## ASSIGNMENT
Only an exact copy of the entries, stripped of pictures, will serve as the answer.

Captioned web images
^^^^^^^^
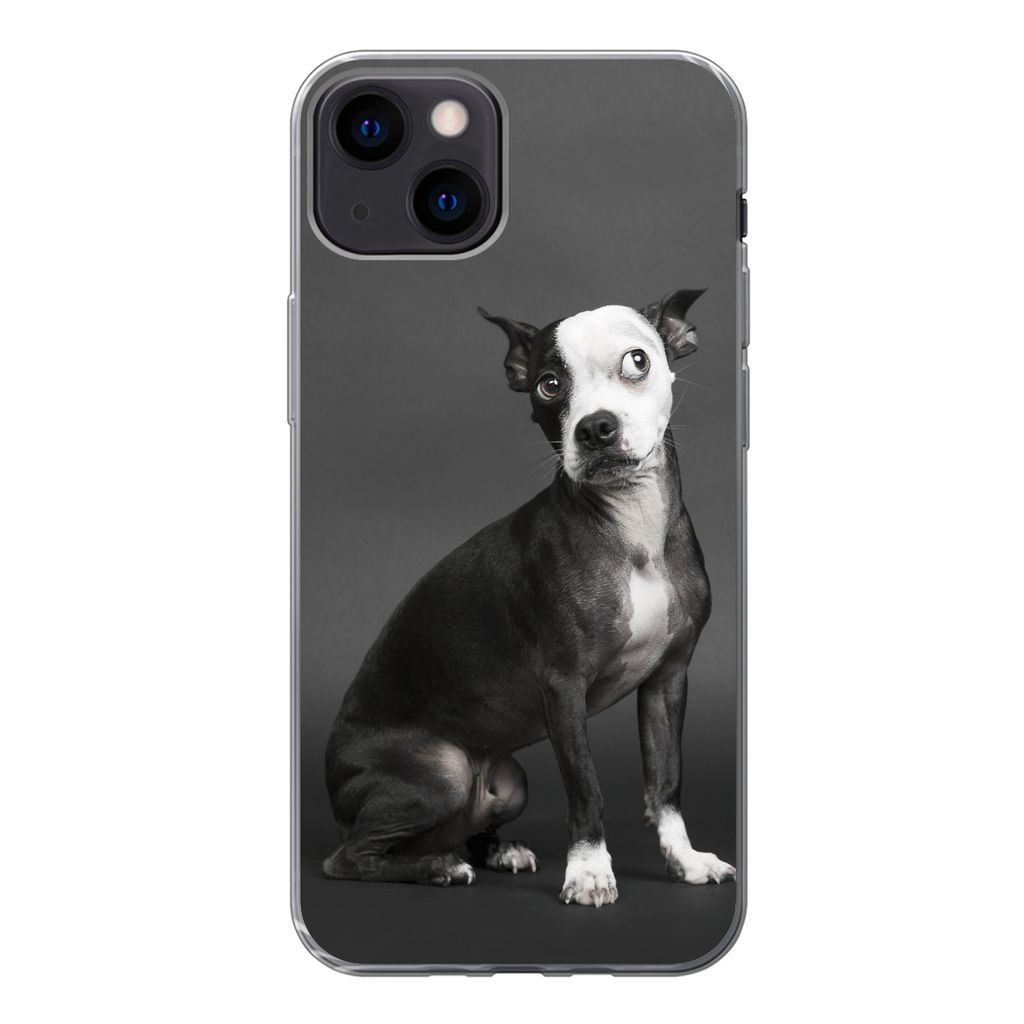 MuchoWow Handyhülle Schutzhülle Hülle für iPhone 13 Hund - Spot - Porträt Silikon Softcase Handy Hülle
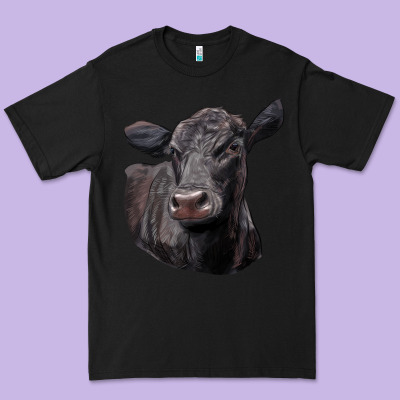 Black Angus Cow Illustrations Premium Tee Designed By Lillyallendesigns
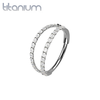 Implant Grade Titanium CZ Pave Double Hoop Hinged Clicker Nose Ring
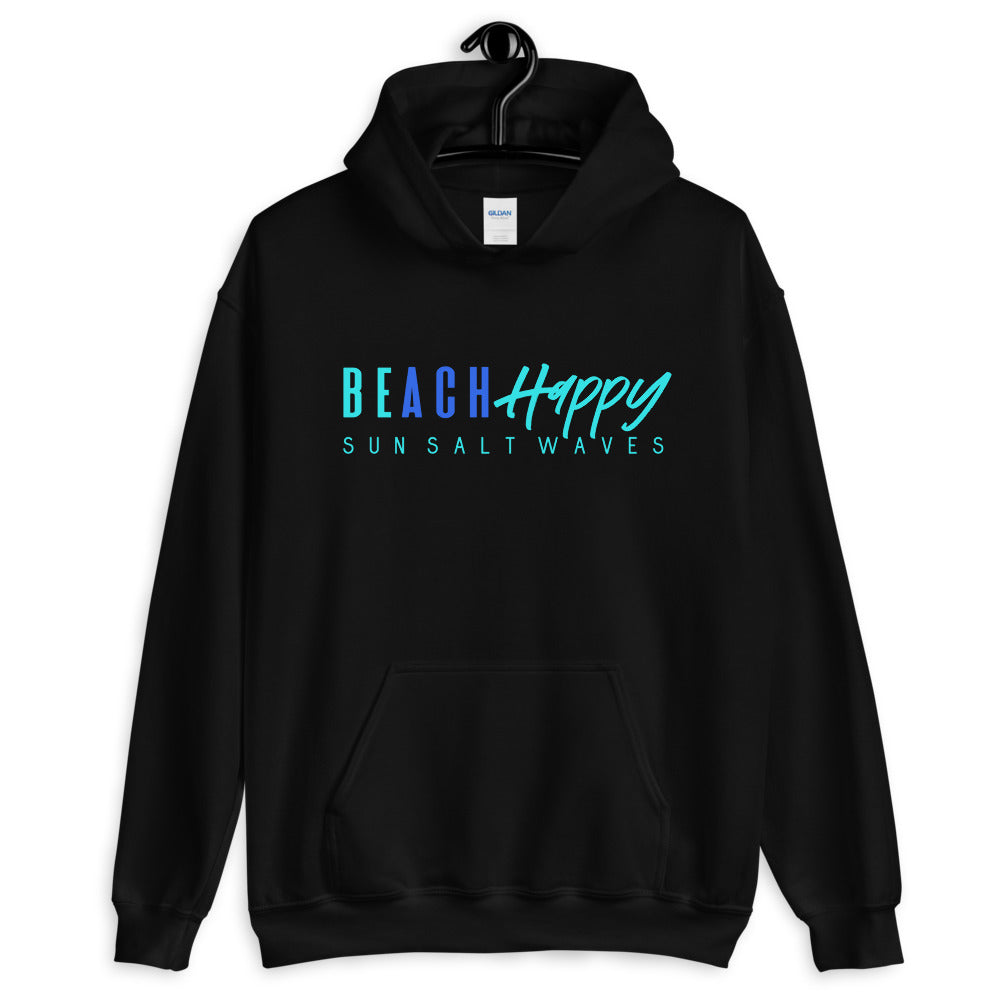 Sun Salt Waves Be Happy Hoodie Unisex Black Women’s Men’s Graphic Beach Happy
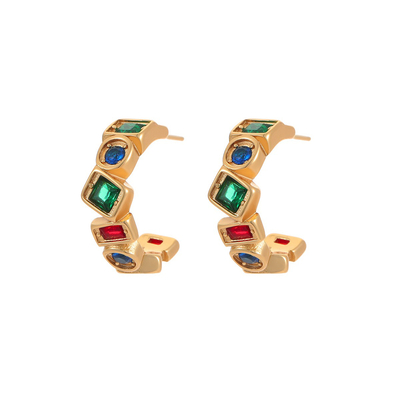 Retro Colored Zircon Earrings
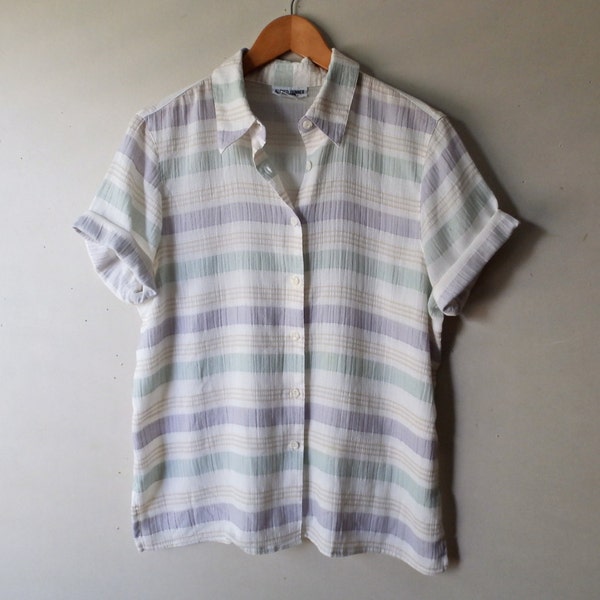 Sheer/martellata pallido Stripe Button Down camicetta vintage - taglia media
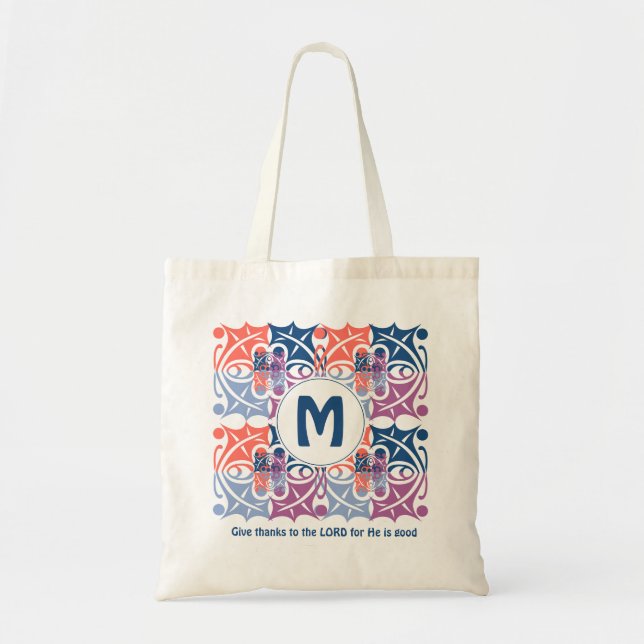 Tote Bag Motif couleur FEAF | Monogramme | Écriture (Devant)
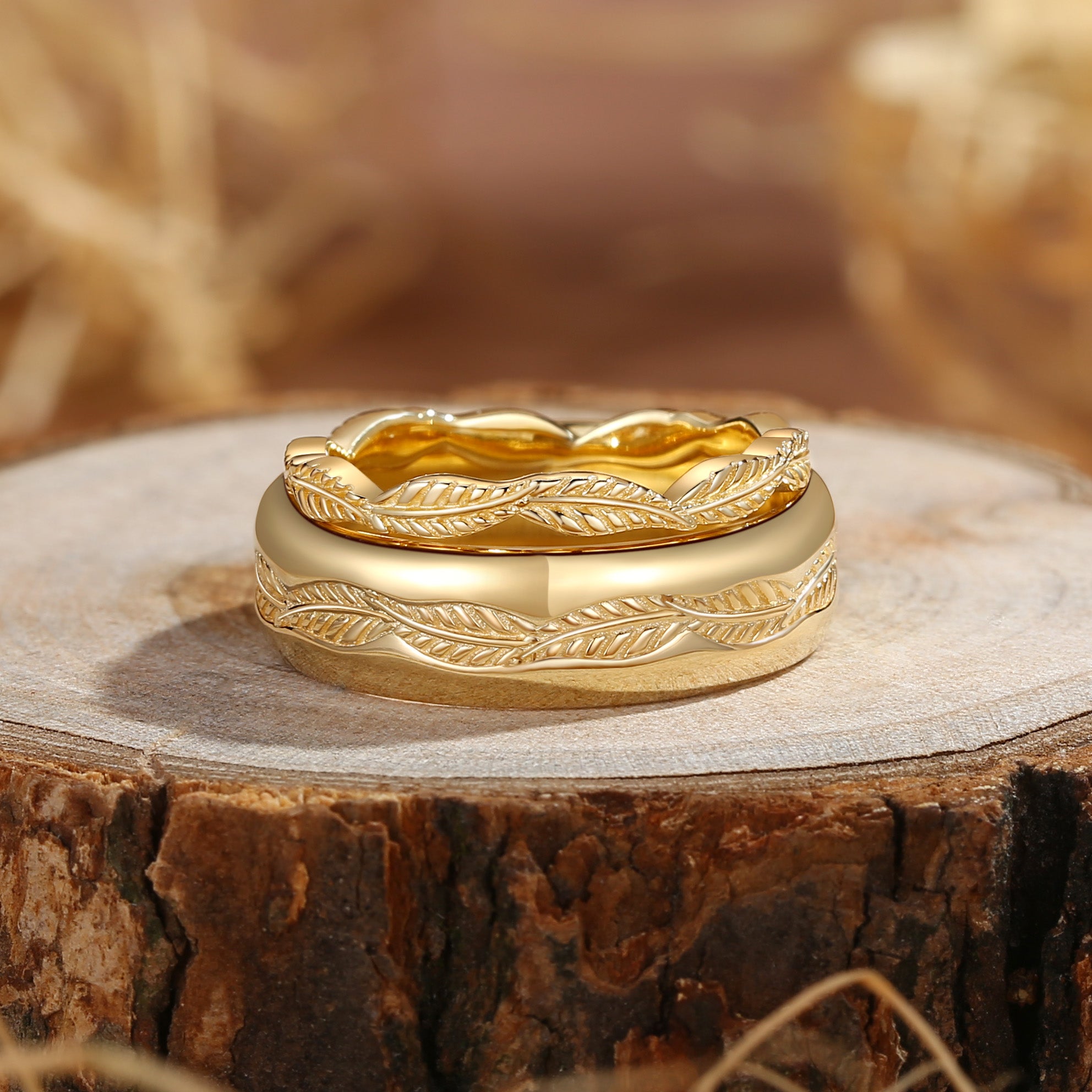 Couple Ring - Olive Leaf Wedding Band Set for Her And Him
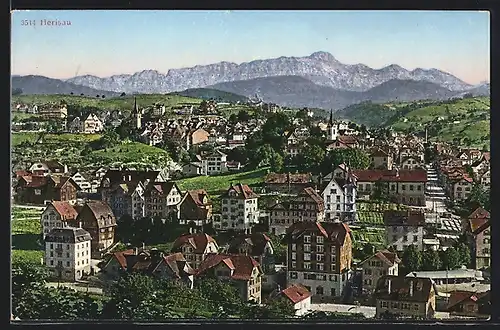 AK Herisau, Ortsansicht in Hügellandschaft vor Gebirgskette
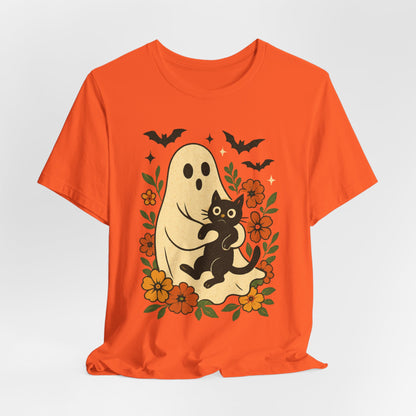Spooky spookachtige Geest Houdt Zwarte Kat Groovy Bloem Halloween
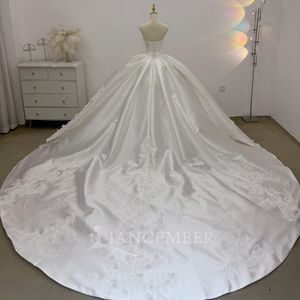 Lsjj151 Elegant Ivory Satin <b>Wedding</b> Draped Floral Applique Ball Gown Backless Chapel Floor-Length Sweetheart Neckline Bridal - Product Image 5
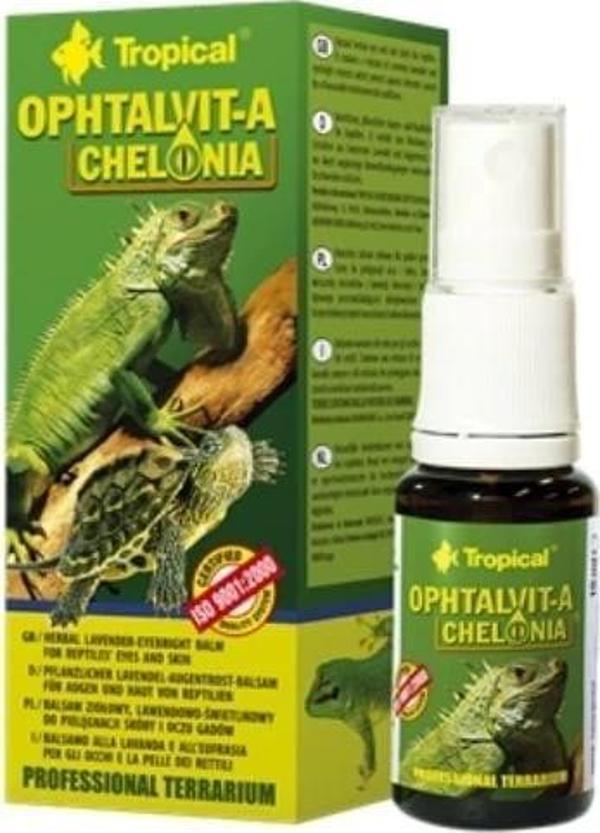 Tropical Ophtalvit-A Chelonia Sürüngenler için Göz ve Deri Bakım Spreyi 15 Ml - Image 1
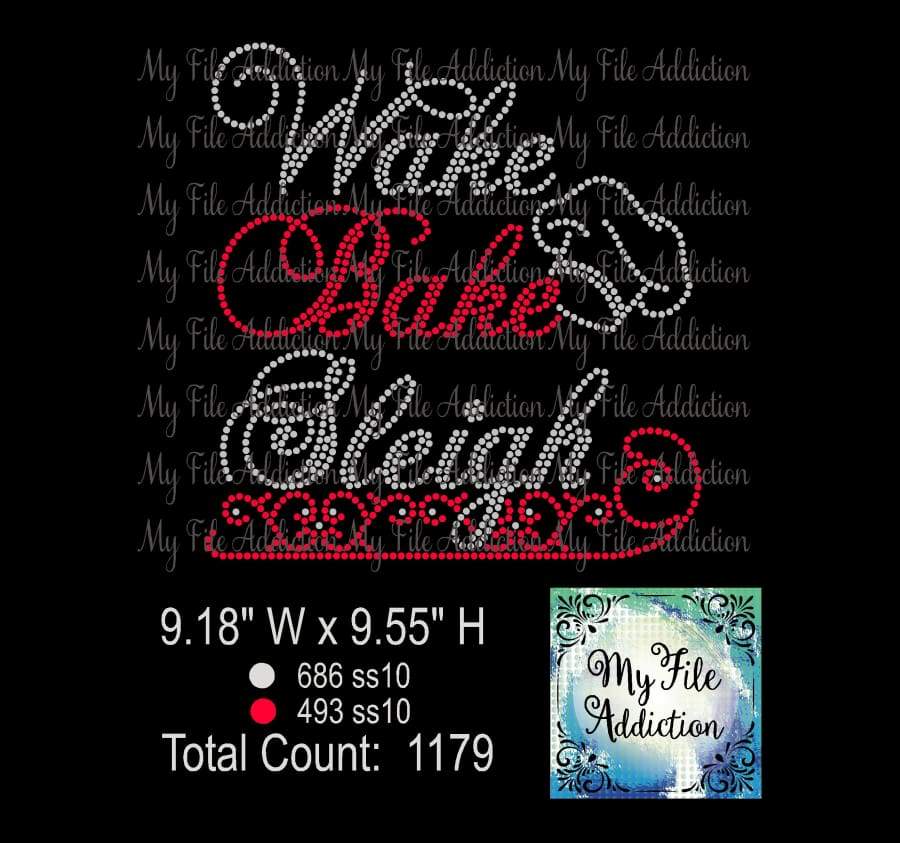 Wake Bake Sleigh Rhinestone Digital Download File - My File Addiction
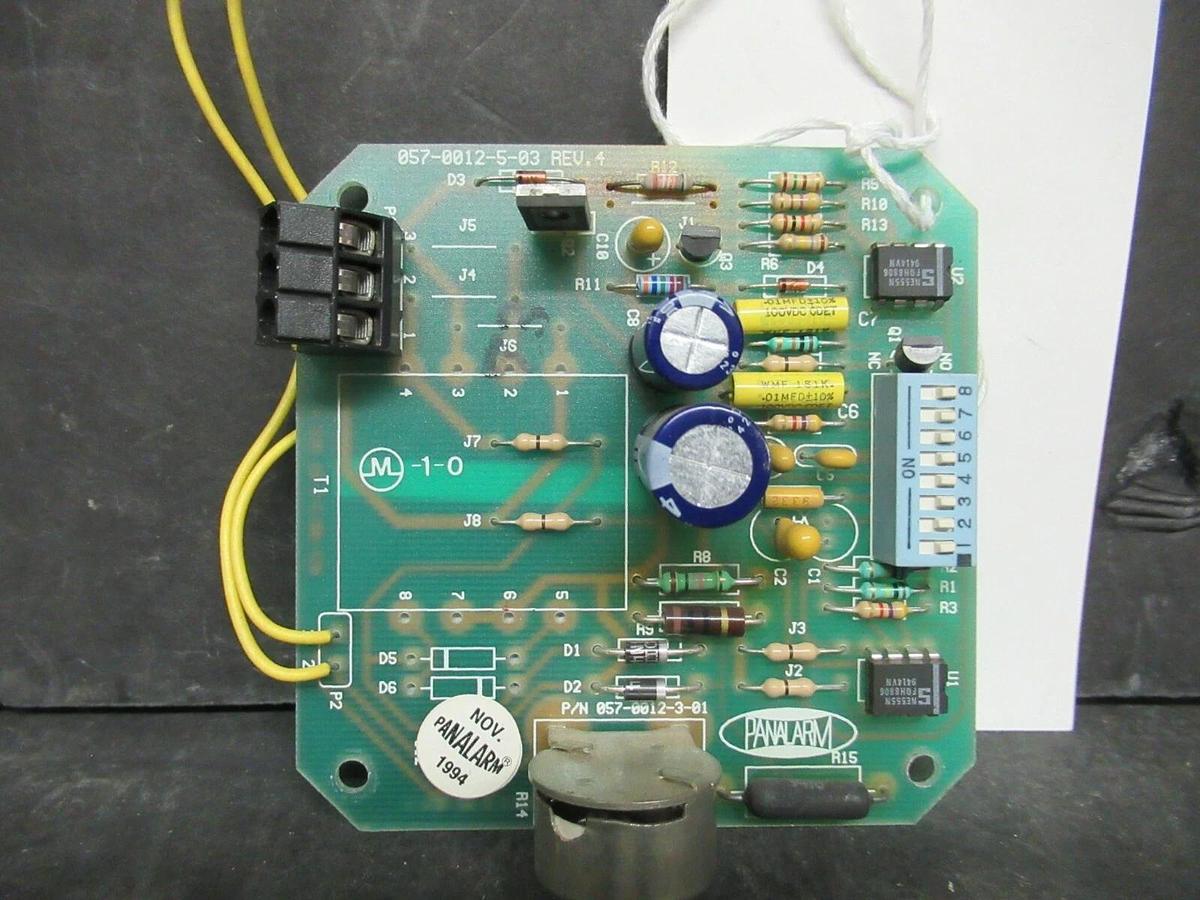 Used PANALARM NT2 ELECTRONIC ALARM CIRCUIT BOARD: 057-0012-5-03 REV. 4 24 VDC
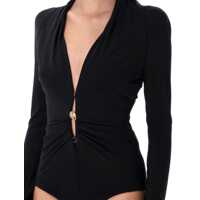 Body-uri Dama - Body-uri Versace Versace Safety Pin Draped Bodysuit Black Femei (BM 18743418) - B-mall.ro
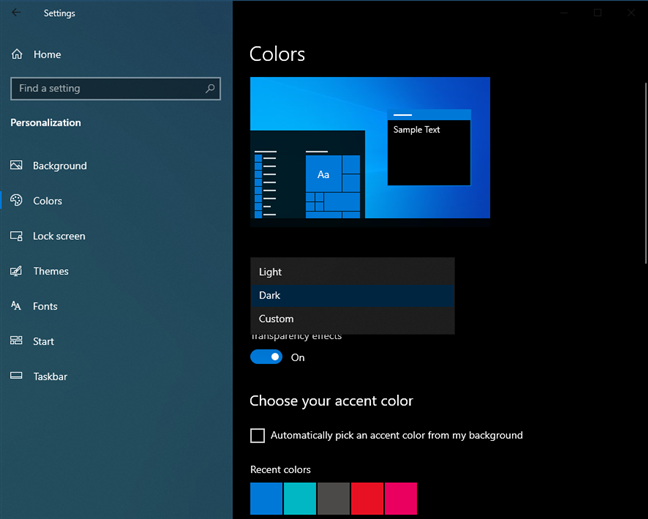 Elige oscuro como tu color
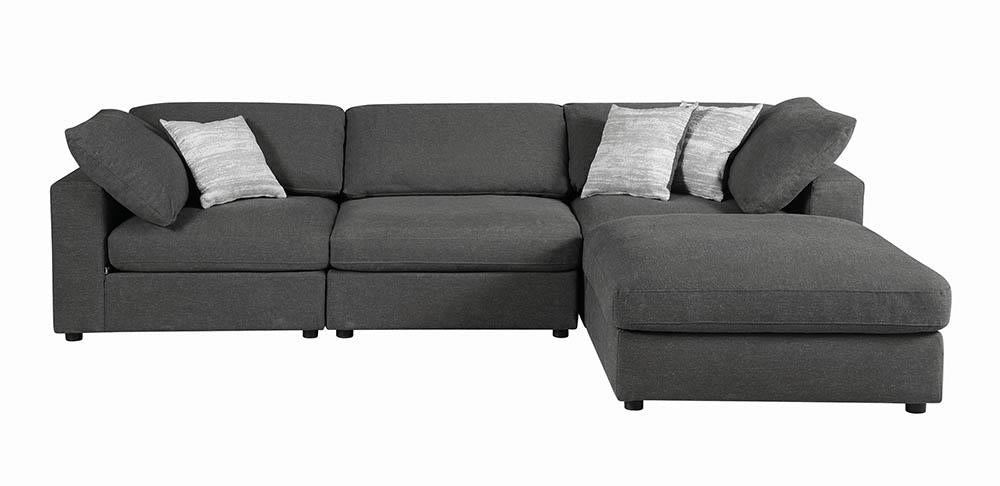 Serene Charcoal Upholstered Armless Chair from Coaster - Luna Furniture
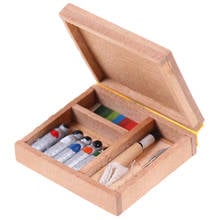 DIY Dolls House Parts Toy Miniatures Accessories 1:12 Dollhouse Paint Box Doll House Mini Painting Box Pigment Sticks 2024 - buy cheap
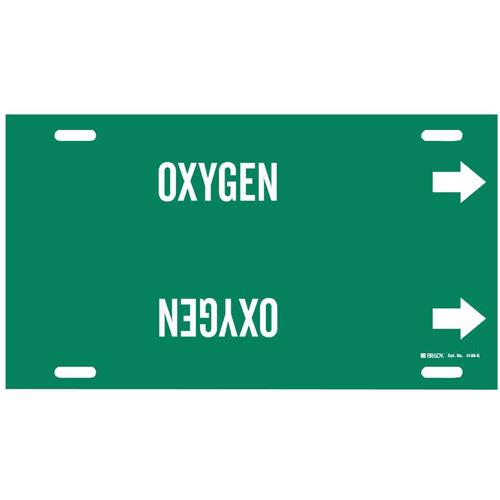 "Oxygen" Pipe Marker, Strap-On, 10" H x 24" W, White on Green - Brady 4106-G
^^^^^^^^
## RESULT FOR THIS EXERCISE
 MuchoWow Handyhülle Schutzhülle Hülle für iPhone 13 Hund - Spot - Porträt Silikon Softcase Handy Hülle
 Black Angus Cow Illustrations Premium Tee Designed By Lillyallendesigns
 Implant Grade Titanium CZ Pave Double Hoop Hinged Clicker Nose Ring
 Sun Salt Waves Be Happy Hoodie Unisex Black Women’s Men’s Graphic Beach Happy
 Retro Colored Zircon Earrings
 Sheer/martellata pallido Stripe Button Down camicetta vintage - taglia media
 Tote Bag Motif couleur FEAF | Monogramme | Écriture (Devant)
 Couple Ring - Olive Leaf Wedding Band Set for Her And Him
 AK Herisau, Ortsansicht in Hügellandschaft vor Gebirgskette
Spooky spookachtige Geest Houdt Zwarte Kat Groovy Bloem Halloween
 Lsjj151 Elegant Ivory Satin <b>Wedding</b> Draped Floral Applique Ball Gown Backless Chapel Floor-Length Sweetheart Neckline Bridal - Product Image 5
 Tropical Ophtalvit-A Chelonia Sürüngenler için Göz ve Deri Bakım Spreyi 15 Ml - Image 1
 Wake Bake Sleigh Rhinestone Digital Download File - My File Addiction
 Used PANALARM NT2 ELECTRONIC ALARM CIRCUIT BOARD: 057-0012-5-03 REV. 4 24 VDC
 Body-uri Dama - Body-uri Versace Versace Safety Pin Draped Bodysuit Black Femei (BM 18743418) - B-mall.ro
 Elige oscuro como tu color
 Serene Charcoal Upholstered Armless Chair from Coaster - Luna Furniture
 DIY Dolls House Parts Toy Miniatures Accessories 1:12 Dollhouse Paint Box Doll House Mini Painting Box Pigment Sticks 2024 - buy cheap
 "Oxygen" Pipe Marker, Strap-On, 10" H x 24" W, White on Green - Brady 4106-G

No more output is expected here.